Im Jahr 1933 erfolgte der Umzug in ein neu errichtetes Museumsgebäude an der Aleje Jerozolimskie 3 in der Warschauer Innenstadt. Am 8. August 1934 wurde das Museum wieder für die Öffentlichkeit geöffnet. Treibende Kraft beim Umzug und der Neugestaltung war der langjährige Vorsitzende des Museumskuratoriums Kazimierz Sosnkowski.
Von 1939 bis 1989
Bei Ausbruch des Zweiten Weltkrieges verfügte das Museum über rund 30.000 Ausstellungsstücke. Während der Besetzung Polens durch deutsche Truppen wurden die Bestände teilweise nach Deutschland gebracht. Im Jahre 1944 erfolgte die Namensänderung zu Muzeum Wojska Polskiego („Museum der polnischen Armee“). Nach Rückgabe der nach Deutschland verfrachteten Ausstellungsstücke konnte das Museum 1946 wieder seinen Betrieb aufnehmen.

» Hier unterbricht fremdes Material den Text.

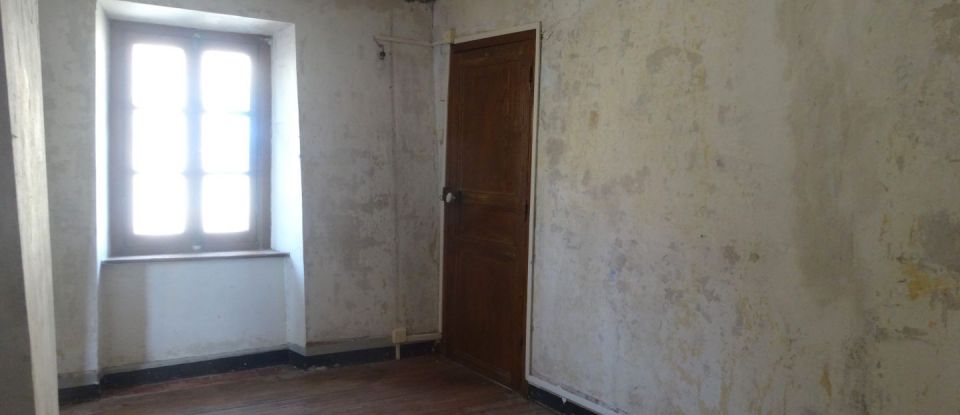 House 5 rooms of 80 m² in - (11220)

Der Bestand des Museums wuchs vor allem durch die Übergabe von Waffen und Uniformen derjenigen polnischen Militärverbände, die während des Zweiten Weltkrieges in Westeuropa eingesetzt wurden. Deutschland musste die 1939 erbeuteten Standarten zurückgeben, von der UdSSR wurden eine Kanone aus dem 17. Jahrhundert und weitere historische Exponate übergeben. Nach 1989 wurden weitere Gegenstände von Russland zurückgegeben.[4]
Nach 1989
1993 wurde im ehemaligen Czerniakowski-Fort als Außenstellen das Katyń-Museum sowie das Museum der polnischen Militärtechnik (Muzeum Polskiej Techniki Wojskowej) eröffnet. Eine weitere Außenstelle ist die Sammlung der Kunstgalerie des Museums der polnischen Armee (Galeria Sztuki Muzeum Wojska Polskiego) in der Krakowskie-Przedmieście-Straße 11.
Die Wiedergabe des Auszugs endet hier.